Another soup from the “Simple and Classic Home Cooking” Weight Watchers cookbook, and found on page 162 in the Soups section. This is a good version of the soup made famous in the 19th Century New York restaurant Delmonico’s, which at the time was also known and referred to as Coney Island Clam Chowder and/or Fulton Market Clam Chowder. (Reference)
Recipe Retool: A little culinary magic was performed on this recipe. This version with the 1-cup serving has only 103 calories, and 1.2 grams of fat according to the original recipe, our updates may alter these nutritional amounts slightly. We made a few updates from the original recipe; here are four ingredient updates we made:
We substituted the bacon, we used Maple wood smoked bacon in place of the originally called for lower-sodium bacon.
We also used fish stock in place of the originally called for lower-salt chicken stock.
The recipe called for ¼ teaspoon of pepper, we seasoned to taste with white pepper, and your mileage may vary.
The original recipe called for 1 Tsp dried thyme, we used 2 Tsp of fresh chopped thyme.

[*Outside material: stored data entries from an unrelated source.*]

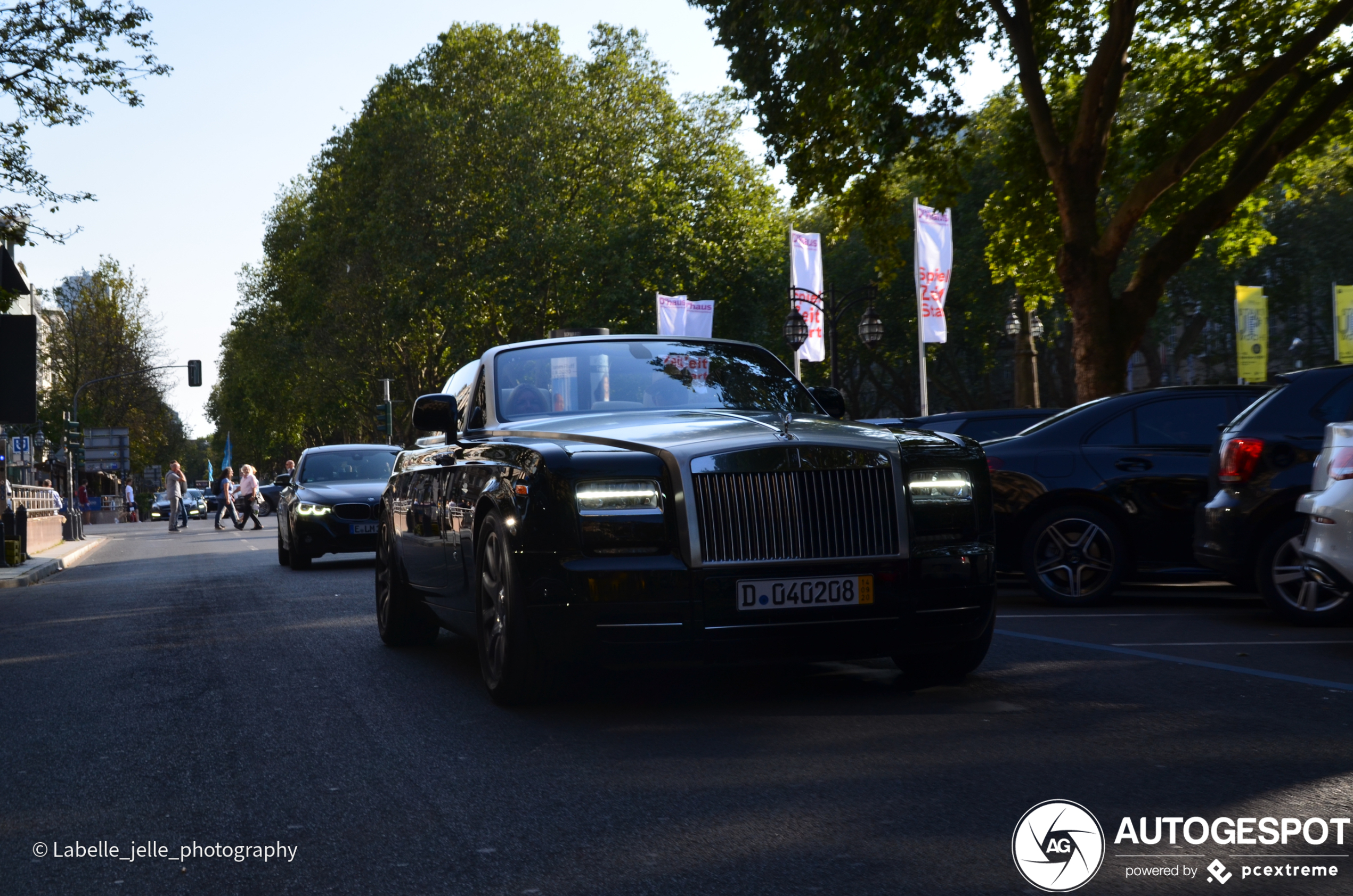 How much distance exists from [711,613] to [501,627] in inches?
41.7

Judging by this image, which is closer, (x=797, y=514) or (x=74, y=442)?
(x=797, y=514)

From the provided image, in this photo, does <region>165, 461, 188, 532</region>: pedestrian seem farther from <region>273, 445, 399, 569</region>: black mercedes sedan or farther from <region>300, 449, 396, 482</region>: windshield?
<region>273, 445, 399, 569</region>: black mercedes sedan

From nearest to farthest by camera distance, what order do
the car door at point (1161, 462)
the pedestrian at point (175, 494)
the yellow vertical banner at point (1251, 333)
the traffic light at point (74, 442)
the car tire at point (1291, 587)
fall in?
the car tire at point (1291, 587) < the car door at point (1161, 462) < the yellow vertical banner at point (1251, 333) < the pedestrian at point (175, 494) < the traffic light at point (74, 442)

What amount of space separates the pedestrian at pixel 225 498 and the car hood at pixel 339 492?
2305cm

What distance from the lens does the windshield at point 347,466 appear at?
63.3 ft

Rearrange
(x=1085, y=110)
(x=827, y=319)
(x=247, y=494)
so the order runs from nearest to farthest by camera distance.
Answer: (x=1085, y=110) → (x=827, y=319) → (x=247, y=494)

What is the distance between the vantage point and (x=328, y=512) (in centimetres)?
1808

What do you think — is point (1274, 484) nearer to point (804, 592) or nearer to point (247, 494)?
point (804, 592)

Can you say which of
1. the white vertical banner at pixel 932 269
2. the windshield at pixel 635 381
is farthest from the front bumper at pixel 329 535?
the white vertical banner at pixel 932 269

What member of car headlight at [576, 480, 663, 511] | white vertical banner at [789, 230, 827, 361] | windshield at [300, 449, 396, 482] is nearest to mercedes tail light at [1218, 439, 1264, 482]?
car headlight at [576, 480, 663, 511]

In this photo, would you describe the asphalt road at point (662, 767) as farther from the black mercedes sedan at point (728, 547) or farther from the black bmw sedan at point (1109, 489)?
the black bmw sedan at point (1109, 489)

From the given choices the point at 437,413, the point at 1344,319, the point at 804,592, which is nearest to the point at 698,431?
the point at 804,592

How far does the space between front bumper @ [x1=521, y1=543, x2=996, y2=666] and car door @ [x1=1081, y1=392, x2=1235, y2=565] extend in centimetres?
484

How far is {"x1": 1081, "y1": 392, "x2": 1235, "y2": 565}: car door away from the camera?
10.8 meters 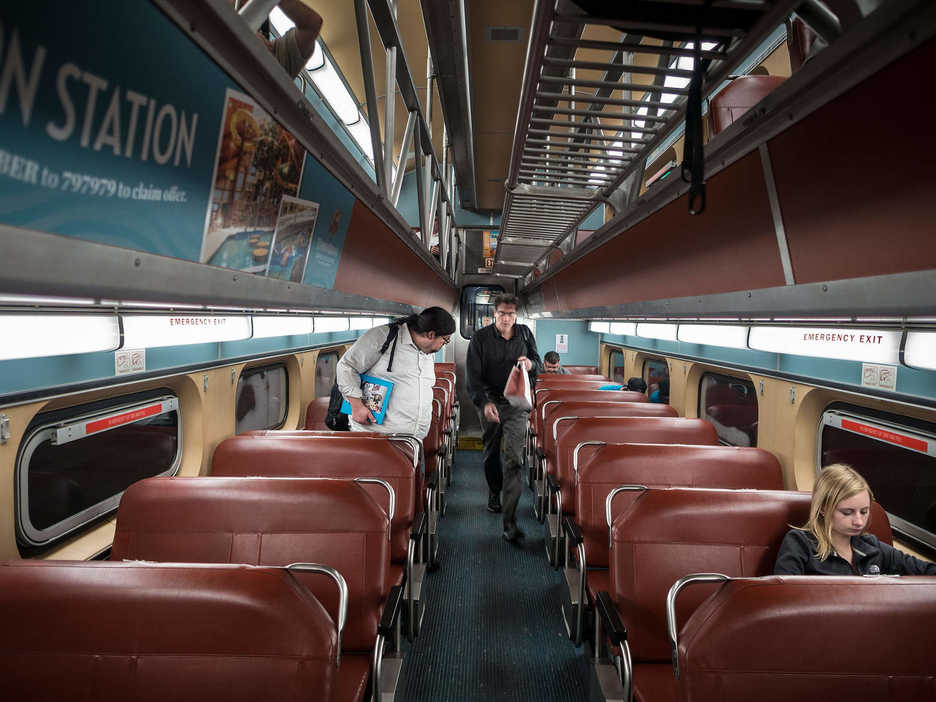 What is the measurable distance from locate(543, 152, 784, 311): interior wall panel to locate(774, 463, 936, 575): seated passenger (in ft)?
3.25

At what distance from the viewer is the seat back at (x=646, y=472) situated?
9.83 ft

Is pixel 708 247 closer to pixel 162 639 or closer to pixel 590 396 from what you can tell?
pixel 162 639

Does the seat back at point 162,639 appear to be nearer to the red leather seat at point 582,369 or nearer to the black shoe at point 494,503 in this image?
the black shoe at point 494,503

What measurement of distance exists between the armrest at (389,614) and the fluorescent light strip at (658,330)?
397 centimetres

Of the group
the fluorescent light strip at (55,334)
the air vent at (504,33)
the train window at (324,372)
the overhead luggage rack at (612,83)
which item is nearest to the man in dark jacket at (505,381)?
the overhead luggage rack at (612,83)

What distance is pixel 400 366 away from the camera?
11.2 ft

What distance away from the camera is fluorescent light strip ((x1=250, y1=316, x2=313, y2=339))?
3.43m

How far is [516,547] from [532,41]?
14.3 feet

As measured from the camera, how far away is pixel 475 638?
338 cm

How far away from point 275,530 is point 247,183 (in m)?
1.47

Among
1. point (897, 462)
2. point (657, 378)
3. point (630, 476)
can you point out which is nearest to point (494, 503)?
point (630, 476)

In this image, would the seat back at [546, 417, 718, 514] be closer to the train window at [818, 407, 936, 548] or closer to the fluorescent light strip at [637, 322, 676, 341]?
the train window at [818, 407, 936, 548]

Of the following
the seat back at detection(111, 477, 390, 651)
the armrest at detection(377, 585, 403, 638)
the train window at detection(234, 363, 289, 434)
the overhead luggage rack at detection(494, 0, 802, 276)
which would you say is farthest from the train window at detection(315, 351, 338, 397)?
the armrest at detection(377, 585, 403, 638)

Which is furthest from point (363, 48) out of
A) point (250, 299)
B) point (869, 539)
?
point (869, 539) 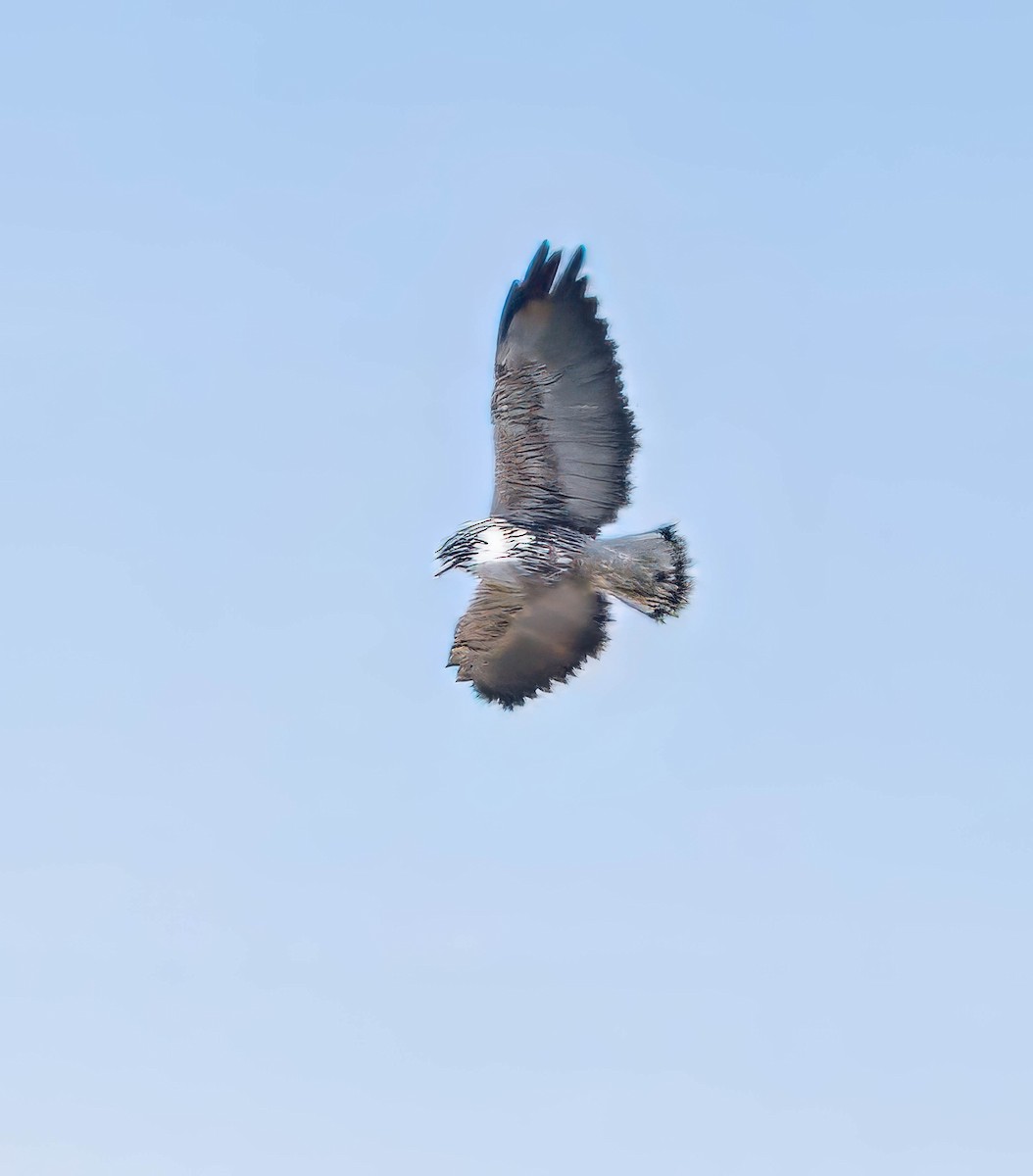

Other Considerations: Always thinking ahead for future use, and what I might have done in the restaurant kitchen, here are a couple of other ingredient updates that we considered, but dropped this time around due to other constraints, the tomatoes and clams:
Replace the canned tomatoes with fresh stewed plum concasse tomatoes. A simple concasse tomato is a process of quick blanching tomatoes that have been scored with an X at the bottom to loosen the skin, then cooled in an ice bath to stop the cooking process, peeled, seeded, and then diced or chunked. In addition, in this recipe that would require about 3 cups of concasse tomato.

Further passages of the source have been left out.